• **Exercise description**: Copy, word for word, each line of the data below from the first through the line containing "La Plaza de", and stop there.

• **Provided entries**:
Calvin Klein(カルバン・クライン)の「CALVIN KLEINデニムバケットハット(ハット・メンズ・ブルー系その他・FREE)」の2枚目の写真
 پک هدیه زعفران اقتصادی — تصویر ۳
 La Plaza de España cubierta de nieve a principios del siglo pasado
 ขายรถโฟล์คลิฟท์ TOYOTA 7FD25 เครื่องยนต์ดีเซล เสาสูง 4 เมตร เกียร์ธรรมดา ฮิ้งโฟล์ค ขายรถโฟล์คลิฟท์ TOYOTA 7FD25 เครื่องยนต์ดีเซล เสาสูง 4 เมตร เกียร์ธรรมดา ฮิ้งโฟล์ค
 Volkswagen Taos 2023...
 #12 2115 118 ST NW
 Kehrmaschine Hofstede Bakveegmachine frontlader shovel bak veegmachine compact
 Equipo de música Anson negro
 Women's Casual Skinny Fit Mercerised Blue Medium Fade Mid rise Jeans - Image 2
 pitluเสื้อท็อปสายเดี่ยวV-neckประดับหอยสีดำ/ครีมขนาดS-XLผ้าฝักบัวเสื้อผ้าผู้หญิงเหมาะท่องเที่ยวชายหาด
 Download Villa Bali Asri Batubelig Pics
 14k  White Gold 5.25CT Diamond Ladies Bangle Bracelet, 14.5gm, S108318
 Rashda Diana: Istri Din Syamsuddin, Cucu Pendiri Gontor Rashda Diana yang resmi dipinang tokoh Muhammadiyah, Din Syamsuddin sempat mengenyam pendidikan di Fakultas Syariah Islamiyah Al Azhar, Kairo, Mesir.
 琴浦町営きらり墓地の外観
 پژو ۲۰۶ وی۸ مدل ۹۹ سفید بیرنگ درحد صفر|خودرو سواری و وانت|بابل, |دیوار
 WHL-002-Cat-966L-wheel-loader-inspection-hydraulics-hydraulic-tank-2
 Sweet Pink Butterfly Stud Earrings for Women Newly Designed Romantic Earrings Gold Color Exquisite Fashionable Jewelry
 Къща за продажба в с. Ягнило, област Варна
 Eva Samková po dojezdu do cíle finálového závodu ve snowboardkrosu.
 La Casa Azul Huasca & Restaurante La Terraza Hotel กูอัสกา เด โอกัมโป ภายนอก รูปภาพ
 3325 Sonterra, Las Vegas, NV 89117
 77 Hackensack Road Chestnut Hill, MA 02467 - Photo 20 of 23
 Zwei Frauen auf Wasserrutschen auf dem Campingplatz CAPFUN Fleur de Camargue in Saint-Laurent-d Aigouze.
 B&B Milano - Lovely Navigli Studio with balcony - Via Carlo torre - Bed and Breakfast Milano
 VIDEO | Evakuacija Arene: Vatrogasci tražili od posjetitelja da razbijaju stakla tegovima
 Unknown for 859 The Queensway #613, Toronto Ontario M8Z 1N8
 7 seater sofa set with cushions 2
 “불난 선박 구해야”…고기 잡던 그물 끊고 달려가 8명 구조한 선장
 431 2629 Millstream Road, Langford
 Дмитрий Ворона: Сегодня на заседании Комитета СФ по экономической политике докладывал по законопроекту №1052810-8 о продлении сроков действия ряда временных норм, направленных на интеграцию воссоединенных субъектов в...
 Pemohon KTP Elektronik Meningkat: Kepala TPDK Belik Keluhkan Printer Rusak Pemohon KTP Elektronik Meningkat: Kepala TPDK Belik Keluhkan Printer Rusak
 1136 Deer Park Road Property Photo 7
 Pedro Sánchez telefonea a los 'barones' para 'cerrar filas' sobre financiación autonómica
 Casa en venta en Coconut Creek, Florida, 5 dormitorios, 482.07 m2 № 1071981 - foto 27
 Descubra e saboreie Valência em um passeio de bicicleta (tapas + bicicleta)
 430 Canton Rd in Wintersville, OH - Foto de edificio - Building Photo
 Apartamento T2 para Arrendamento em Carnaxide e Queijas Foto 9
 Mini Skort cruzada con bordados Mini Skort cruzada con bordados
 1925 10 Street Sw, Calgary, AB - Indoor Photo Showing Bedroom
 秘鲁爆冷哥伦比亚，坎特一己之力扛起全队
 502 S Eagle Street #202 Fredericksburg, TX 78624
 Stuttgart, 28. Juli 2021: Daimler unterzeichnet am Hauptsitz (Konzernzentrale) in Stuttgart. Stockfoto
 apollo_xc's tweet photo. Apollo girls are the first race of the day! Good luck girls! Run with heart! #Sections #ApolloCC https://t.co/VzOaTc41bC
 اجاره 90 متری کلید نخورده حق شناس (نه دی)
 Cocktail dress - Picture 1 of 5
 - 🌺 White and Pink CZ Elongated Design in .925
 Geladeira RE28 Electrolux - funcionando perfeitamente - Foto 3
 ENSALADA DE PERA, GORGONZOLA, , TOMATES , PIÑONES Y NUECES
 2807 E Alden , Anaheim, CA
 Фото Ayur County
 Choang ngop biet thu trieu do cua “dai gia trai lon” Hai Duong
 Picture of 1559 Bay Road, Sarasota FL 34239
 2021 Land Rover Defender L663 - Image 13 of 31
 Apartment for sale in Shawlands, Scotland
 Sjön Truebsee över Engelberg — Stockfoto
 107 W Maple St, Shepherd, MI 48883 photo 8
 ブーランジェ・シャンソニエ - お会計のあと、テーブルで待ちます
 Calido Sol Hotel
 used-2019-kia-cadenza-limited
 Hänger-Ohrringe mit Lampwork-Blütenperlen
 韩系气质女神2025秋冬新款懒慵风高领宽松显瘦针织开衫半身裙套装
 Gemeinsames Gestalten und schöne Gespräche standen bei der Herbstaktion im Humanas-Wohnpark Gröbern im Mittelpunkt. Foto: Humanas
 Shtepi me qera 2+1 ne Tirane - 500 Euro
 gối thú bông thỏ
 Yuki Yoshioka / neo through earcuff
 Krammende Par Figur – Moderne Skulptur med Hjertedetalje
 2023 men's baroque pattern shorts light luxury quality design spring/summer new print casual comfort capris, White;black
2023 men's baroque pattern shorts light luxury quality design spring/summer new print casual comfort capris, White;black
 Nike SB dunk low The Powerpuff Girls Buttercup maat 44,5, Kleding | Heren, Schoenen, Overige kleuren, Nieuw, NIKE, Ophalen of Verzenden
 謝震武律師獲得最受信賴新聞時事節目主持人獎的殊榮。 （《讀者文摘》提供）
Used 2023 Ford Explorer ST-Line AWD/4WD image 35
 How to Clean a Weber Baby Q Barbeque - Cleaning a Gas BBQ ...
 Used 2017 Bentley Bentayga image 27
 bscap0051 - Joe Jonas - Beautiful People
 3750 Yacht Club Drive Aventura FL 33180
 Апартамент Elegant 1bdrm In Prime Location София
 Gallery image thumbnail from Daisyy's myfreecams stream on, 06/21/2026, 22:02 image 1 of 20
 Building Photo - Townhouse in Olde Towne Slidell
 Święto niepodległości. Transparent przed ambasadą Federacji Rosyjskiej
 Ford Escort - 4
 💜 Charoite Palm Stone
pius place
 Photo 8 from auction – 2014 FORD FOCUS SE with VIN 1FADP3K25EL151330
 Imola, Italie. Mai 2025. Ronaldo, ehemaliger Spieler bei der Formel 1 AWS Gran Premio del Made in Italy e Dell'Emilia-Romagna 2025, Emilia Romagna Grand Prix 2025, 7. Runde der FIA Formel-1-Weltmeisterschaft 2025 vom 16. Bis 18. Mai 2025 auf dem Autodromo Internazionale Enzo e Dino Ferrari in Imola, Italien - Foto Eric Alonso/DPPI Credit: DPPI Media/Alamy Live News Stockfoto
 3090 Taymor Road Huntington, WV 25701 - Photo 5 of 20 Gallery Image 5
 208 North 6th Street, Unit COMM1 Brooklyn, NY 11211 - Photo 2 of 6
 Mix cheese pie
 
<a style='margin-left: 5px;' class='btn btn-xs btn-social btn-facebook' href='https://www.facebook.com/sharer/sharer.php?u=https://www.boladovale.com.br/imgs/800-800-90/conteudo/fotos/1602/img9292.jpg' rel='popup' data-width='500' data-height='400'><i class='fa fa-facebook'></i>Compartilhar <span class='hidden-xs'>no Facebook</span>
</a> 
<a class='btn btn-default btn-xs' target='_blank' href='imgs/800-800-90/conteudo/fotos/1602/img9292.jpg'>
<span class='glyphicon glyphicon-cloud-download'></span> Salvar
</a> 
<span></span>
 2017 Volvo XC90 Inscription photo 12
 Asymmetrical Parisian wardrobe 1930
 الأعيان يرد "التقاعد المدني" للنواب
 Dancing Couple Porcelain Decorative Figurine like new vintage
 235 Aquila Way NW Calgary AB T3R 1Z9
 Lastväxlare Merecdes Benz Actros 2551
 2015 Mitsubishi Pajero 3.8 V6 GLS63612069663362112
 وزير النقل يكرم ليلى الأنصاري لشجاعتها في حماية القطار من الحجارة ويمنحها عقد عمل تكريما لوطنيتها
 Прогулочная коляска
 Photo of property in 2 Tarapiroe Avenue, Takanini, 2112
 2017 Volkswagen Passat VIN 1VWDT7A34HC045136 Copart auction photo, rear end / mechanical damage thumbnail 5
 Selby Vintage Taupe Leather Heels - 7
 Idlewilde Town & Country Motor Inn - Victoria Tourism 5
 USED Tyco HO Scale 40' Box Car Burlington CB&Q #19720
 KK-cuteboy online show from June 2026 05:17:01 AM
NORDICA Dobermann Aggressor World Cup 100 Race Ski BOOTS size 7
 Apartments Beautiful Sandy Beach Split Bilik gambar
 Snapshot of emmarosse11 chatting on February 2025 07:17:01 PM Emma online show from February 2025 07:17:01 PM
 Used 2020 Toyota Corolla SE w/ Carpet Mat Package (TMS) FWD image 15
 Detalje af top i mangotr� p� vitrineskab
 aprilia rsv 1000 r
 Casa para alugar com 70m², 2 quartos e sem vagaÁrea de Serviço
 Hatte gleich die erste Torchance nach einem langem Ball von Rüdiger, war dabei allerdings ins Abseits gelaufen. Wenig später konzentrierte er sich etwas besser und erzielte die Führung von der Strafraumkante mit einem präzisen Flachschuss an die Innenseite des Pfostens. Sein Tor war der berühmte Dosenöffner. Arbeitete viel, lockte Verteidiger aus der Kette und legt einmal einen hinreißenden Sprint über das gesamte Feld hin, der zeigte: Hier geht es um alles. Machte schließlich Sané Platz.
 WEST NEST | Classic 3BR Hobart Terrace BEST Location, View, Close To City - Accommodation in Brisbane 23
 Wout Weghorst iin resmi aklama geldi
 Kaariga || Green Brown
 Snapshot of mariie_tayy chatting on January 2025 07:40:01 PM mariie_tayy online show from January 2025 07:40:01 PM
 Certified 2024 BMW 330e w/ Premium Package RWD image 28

• **Worked solution**:
Calvin Klein(カルバン・クライン)の「CALVIN KLEINデニムバケットハット(ハット・メンズ・ブルー系その他・FREE)」の2枚目の写真
 پک هدیه زعفران اقتصادی — تصویر ۳
 La Plaza de España cubierta de nieve a principios del siglo pasado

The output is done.